Stored data entries
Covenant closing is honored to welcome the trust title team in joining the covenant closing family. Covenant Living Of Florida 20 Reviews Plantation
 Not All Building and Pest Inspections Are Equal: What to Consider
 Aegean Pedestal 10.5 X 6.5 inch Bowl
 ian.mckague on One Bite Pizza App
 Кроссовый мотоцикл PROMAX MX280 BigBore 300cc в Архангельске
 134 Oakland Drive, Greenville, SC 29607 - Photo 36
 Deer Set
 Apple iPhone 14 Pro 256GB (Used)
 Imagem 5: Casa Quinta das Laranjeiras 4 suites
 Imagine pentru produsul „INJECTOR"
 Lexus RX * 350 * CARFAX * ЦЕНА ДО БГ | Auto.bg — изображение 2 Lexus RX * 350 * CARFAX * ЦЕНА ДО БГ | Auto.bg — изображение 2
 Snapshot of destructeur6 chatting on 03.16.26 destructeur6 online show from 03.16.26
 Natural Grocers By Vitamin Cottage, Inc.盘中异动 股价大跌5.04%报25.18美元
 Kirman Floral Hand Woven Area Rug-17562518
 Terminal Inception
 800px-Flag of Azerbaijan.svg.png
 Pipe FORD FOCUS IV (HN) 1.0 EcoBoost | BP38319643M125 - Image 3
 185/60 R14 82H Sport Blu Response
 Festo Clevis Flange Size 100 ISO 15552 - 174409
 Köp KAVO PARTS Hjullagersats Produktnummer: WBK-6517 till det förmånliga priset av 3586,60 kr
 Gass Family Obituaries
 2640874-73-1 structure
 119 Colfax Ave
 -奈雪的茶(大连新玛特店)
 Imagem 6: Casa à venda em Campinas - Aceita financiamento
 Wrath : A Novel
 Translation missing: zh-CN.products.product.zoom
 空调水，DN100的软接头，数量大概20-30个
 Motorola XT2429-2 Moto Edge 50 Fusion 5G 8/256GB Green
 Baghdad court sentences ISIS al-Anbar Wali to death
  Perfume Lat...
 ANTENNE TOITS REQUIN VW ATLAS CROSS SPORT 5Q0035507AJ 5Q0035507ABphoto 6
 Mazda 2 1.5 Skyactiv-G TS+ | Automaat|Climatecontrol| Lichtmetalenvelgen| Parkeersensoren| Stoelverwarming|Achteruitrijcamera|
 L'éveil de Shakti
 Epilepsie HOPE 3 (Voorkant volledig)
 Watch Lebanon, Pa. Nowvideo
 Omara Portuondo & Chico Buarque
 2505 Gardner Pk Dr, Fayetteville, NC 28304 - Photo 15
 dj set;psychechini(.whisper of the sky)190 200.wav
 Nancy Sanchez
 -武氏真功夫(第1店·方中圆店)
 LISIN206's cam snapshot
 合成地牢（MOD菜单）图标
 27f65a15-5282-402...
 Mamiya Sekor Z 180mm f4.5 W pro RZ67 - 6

Action item
Please extract exactly, and only, the lines from the line containing "2505 Gardner Pk" through the last line of the records.

Result of the task
 2505 Gardner Pk Dr, Fayetteville, NC 28304 - Photo 15
 dj set;psychechini(.whisper of the sky)190 200.wav
 Nancy Sanchez
 -武氏真功夫(第1店·方中圆店)
 LISIN206's cam snapshot
 合成地牢（MOD菜单）图标
 27f65a15-5282-402...
 Mamiya Sekor Z 180mm f4.5 W pro RZ67 - 6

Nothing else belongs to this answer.